All

Playbook Optimization

Optional GEPA-backed refinement for pending playbook wording.

Playbook optimization is an optional refinement step for playbooks that already exist. It asks a narrow question: would this playbook steer the assistant better if the guidance were worded differently?

It does not replace extraction, aggregation, or human review. Reflexio still learns signals from interactions, aggregates repeated user-playbook patterns into agent playbooks, and requires approval before an agent playbook becomes production guidance. The optimizer sits between aggregation and approval, sharpening pending guidance before a human decides whether to approve it.

Where Optimization Fits

The normal playbook path is:

Publish interactions from your agent.
Extract user playbooks from correction, preference, expert, or outcome signals.
Aggregate repeated patterns into PENDING agent playbooks.
Optionally optimize the pending playbook's content.
Review and approve the final wording.
Retrieve approved playbooks to steer the agent for future users.

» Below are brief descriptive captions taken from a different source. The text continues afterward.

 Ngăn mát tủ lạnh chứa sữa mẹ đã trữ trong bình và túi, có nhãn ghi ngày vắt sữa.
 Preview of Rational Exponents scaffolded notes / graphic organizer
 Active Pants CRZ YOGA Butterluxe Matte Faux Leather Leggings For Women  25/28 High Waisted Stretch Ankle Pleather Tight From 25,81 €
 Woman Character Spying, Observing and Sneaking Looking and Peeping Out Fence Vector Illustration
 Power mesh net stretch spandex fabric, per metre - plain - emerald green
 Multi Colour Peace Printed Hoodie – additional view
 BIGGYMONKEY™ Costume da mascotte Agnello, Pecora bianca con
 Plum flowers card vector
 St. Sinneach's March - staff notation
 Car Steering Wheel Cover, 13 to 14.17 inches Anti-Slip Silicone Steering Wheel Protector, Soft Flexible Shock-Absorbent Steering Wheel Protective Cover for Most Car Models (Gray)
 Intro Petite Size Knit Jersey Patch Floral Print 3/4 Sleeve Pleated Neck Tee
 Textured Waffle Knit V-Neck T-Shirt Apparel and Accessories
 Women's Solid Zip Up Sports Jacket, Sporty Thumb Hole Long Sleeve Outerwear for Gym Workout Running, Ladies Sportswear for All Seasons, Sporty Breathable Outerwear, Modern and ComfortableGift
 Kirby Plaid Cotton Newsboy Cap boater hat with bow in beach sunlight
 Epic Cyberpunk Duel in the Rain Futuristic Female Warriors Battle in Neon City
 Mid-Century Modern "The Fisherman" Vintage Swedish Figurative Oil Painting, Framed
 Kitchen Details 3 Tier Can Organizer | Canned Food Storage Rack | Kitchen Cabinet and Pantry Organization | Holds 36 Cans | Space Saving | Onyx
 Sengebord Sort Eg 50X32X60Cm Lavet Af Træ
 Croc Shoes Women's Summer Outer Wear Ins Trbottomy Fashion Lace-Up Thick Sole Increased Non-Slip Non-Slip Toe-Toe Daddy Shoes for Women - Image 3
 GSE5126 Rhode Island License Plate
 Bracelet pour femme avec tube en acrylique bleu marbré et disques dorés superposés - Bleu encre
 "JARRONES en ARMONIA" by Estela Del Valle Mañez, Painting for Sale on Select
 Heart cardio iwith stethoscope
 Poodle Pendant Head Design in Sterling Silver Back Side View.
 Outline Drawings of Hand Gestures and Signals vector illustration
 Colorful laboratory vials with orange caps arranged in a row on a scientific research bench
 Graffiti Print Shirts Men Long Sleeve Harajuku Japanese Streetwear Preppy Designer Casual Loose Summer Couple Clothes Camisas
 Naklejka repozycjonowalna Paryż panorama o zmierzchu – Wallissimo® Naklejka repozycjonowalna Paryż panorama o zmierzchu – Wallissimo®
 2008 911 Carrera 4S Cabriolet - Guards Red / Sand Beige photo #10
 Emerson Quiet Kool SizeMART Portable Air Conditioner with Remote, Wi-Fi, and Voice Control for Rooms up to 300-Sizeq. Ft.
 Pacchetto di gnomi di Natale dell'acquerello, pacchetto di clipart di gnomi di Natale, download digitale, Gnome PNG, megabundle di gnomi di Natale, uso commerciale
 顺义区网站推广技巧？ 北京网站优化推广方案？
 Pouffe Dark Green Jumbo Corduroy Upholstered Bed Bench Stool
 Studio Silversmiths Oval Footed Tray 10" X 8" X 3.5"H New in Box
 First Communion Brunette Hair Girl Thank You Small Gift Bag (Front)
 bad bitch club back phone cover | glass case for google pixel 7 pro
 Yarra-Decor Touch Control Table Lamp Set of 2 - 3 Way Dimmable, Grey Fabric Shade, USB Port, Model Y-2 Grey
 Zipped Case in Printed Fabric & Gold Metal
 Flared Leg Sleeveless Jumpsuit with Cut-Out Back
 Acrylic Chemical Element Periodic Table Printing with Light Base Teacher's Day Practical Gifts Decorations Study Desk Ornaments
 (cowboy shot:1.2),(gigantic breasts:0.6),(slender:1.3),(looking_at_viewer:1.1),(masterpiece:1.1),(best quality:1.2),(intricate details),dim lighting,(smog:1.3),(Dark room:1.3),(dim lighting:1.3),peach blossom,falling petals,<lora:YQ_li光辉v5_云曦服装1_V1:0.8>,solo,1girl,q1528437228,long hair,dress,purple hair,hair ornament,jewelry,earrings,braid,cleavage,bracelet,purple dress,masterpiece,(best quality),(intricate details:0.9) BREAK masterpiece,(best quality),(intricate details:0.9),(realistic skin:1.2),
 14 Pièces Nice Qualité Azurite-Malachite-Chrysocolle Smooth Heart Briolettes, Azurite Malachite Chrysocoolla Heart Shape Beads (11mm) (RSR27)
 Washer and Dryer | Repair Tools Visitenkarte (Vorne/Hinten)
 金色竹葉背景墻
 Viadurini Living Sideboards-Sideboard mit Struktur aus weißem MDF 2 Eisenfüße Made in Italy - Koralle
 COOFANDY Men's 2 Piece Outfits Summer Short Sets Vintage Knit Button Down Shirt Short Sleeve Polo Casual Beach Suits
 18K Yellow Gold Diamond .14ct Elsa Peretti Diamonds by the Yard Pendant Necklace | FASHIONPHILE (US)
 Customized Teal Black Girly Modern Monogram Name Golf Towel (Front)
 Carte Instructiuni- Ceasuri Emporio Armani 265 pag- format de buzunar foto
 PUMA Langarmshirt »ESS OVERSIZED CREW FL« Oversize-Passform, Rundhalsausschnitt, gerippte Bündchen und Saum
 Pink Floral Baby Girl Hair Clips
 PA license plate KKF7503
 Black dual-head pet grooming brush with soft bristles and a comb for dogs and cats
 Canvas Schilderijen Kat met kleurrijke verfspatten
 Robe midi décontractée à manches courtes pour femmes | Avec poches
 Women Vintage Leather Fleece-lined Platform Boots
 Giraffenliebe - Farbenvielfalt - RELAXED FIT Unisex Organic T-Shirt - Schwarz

Optimization is intentionally late in the path. By the time it runs, Reflexio already knows which real interaction windows produced the playbook. That gives the optimizer scenarios it can replay when comparing the original wording against candidate wording.

What It Changes

The optimizer focuses on playbook content: the natural-language instruction injected into the assistant. It can make the guidance clearer, more specific, less ambiguous, or less likely to cause regressions.

It is not a discovery engine for brand-new lessons. If the underlying playbook is about respecting a user's stated budget, optimization should improve how that budget rule is phrased. It should not turn the row into an unrelated recommendation strategy.

For agent playbooks, a winning candidate replaces only a current PENDING row. The successor remains PENDING, so the normal approval workflow still decides whether it can affect production retrieval.

How a Run Works

Each optimizer run targets one playbook.

Load the incumbent — the current playbook content.
Resolve source windows — the interaction windows that produced the playbook.
Split training and validation — GEPA mutates candidates on training windows and commits only if validation windows pass.
Run paired assistant rollouts — Reflexio calls your assistant backend twice with the same user turns: once with the incumbent playbook and once with a candidate.
Judge the pair — a judge model compares the two assistant responses and records the winner, score, Likert rating, and feedback.
Commit only if thresholds pass — the candidate must beat the incumbent on enough held-out windows and clear the configured score thresholds.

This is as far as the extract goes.